WIP. Quickstudy of something new for my next set of tattoo flash. (slow day today again at work)
this is a rough, will post the finished piece when done





peace


----------



## Myke (Sep 26, 2008)

*bump*
no love, or hate? =(


----------



## Rowan (Sep 26, 2008)

its a good right as i said before keep it up you are amazing


----------



## Commander (Sep 26, 2008)

Really nice work, one criticism though is that the lower leg seems a little thin.
Keep up the great work.


----------



## Heran Bago (Sep 26, 2008)

Commander said:
			
		

> Really nice work, one criticism though is that the lower leg seems a little thin.
> Keep up the great work.


Thinness looks fine to me.

Good sketch dude!


----------



## Toni Plutonij (Sep 26, 2008)

No, leg is just fine.....I like it very much, I can already see it in front of some temple gates, in a very dark atmosphere..

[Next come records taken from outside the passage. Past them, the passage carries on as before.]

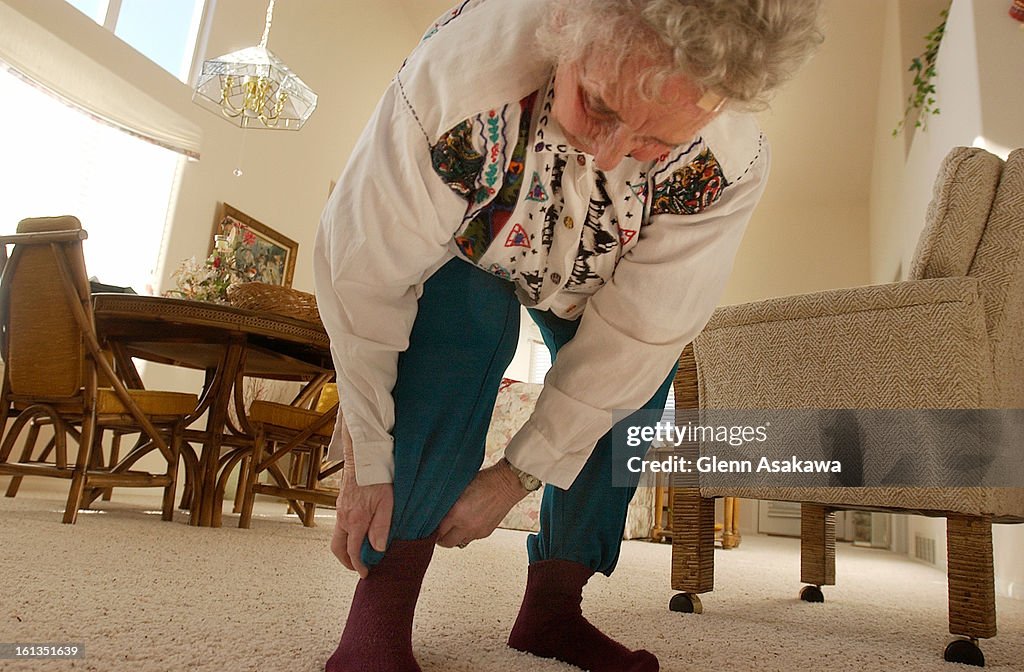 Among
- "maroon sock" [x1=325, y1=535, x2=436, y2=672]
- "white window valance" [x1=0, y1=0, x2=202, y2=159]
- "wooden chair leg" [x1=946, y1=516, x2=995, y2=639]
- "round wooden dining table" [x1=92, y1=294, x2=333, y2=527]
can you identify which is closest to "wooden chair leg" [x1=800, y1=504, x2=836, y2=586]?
"wooden chair leg" [x1=946, y1=516, x2=995, y2=639]

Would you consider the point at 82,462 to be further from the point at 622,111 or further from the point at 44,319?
the point at 622,111

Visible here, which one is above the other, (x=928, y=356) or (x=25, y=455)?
(x=928, y=356)

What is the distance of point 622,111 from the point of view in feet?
2.26

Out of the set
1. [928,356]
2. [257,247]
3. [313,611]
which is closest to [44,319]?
[313,611]

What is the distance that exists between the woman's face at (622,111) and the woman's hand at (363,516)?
41 cm

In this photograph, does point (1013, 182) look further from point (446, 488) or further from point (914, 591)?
→ point (914, 591)

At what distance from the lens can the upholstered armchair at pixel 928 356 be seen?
1.27 meters

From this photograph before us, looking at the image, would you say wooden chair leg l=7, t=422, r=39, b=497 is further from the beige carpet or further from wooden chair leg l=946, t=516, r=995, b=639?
wooden chair leg l=946, t=516, r=995, b=639

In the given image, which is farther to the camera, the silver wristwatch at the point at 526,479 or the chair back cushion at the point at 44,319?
the chair back cushion at the point at 44,319

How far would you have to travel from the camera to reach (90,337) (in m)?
2.22

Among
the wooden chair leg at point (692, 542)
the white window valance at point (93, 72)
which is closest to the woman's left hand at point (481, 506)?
the wooden chair leg at point (692, 542)

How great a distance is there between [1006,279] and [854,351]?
0.90ft

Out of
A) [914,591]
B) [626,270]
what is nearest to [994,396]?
[626,270]

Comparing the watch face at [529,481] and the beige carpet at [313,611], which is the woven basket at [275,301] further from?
the watch face at [529,481]
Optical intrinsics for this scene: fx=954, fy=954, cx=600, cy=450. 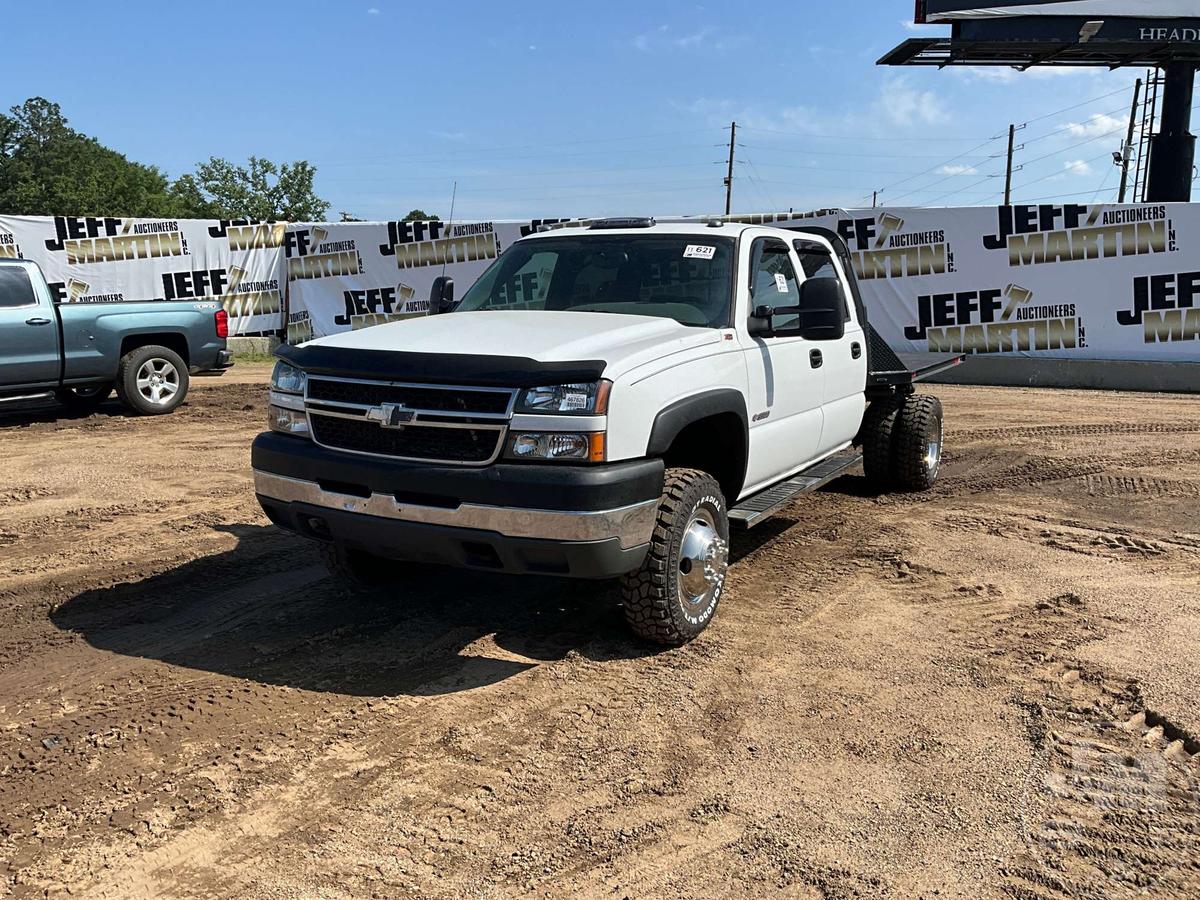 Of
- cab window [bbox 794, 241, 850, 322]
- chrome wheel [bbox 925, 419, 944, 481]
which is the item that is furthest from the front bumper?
chrome wheel [bbox 925, 419, 944, 481]

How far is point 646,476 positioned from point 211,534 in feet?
12.5

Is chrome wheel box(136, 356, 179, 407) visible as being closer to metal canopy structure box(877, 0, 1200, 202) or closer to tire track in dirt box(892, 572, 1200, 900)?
tire track in dirt box(892, 572, 1200, 900)

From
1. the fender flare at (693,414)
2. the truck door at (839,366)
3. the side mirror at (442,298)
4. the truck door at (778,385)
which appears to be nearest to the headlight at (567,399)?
the fender flare at (693,414)

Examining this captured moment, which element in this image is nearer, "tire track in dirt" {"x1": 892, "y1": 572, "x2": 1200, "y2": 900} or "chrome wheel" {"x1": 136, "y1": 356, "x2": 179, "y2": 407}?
"tire track in dirt" {"x1": 892, "y1": 572, "x2": 1200, "y2": 900}

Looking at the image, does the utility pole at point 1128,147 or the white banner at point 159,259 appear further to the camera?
the utility pole at point 1128,147

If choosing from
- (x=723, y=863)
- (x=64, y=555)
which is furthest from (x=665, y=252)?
(x=64, y=555)

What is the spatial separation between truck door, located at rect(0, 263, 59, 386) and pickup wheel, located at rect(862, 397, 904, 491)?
349 inches

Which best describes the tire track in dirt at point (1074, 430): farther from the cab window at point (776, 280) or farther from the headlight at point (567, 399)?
the headlight at point (567, 399)

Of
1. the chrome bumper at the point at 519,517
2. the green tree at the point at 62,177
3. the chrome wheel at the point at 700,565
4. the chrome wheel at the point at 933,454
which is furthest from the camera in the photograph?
the green tree at the point at 62,177

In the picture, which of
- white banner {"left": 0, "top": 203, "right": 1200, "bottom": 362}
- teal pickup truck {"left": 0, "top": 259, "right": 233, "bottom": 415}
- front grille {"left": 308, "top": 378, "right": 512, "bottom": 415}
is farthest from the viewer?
white banner {"left": 0, "top": 203, "right": 1200, "bottom": 362}

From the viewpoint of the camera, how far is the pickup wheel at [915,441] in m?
7.56

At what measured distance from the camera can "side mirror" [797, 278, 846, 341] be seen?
4.93 meters

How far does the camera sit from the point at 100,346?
11.1 meters

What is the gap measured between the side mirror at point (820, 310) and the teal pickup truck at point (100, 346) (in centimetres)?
915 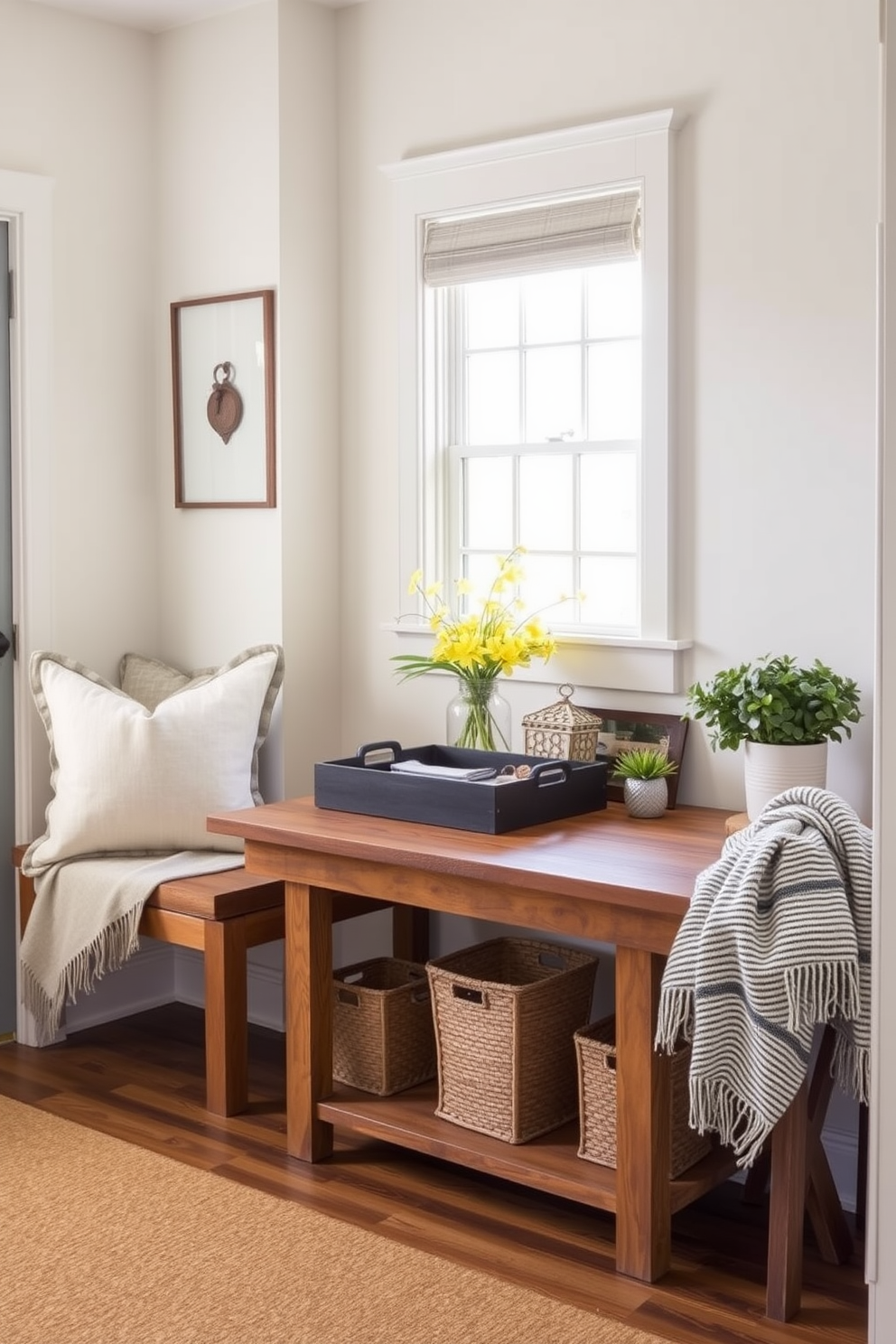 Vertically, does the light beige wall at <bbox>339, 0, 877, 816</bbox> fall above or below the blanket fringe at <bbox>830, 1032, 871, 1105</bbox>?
above

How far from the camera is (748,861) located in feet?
8.23

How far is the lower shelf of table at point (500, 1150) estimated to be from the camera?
9.42 ft

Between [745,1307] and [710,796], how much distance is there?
1151 mm

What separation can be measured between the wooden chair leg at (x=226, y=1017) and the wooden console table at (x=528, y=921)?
0.29 metres

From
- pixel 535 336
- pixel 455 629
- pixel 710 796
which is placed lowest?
pixel 710 796

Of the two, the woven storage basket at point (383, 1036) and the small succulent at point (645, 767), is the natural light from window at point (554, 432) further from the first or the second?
the woven storage basket at point (383, 1036)

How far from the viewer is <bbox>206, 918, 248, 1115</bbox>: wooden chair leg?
3.56m

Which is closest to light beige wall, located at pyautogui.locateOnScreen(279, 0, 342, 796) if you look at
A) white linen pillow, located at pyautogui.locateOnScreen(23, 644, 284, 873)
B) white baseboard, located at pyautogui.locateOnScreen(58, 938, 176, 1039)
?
white linen pillow, located at pyautogui.locateOnScreen(23, 644, 284, 873)

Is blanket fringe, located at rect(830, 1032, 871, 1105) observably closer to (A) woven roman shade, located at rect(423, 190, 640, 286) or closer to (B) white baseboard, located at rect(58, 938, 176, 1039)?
(A) woven roman shade, located at rect(423, 190, 640, 286)

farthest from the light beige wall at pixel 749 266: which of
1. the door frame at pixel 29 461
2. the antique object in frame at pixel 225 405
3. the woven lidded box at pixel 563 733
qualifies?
the door frame at pixel 29 461

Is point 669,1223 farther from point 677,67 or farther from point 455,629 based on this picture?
point 677,67

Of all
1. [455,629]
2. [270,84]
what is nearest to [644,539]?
[455,629]

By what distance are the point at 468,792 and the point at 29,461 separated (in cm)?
171

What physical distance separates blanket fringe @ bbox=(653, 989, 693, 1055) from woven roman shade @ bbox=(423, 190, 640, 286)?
1.79 m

I was yesterday at over at my friends, getting the sketch done, and we have a plan for my right leg....First session will be 10.13., in about two weeks or so...I think  you'll like it, it's going to be a masterpiece, as always from him...


----------



## Myke (Sep 26, 2008)

cool, can't wait to see it! =)


----------



## bombchu (Oct 2, 2008)

Firstly, this is insanely awesome. You're a reeeally amazing draftsman. I've got a touch of drawing ADD so it takes a lot of motivation for me to even think like that... It's great lol I'm really blown away.

If you're not already finished, I have some critiques. I did the pose in the mirror to check, well, tried to at least. I don't know if it's actually possible but I don't have those heels and it looks so good as it is it doesn't really matter. lol Just keep balance in mind next time.


----------



## Prime (Oct 2, 2008)

hawt. Me likey


----------



## Myke (Oct 5, 2008)

thx for the critiques bombchu. I'll be workin on it. 

won't be for a while. Got a halloween show coming up and I'm working my ass off on what little free time I have on hopefully 3 pieces for it. Will post when done. 

thanks again.


----------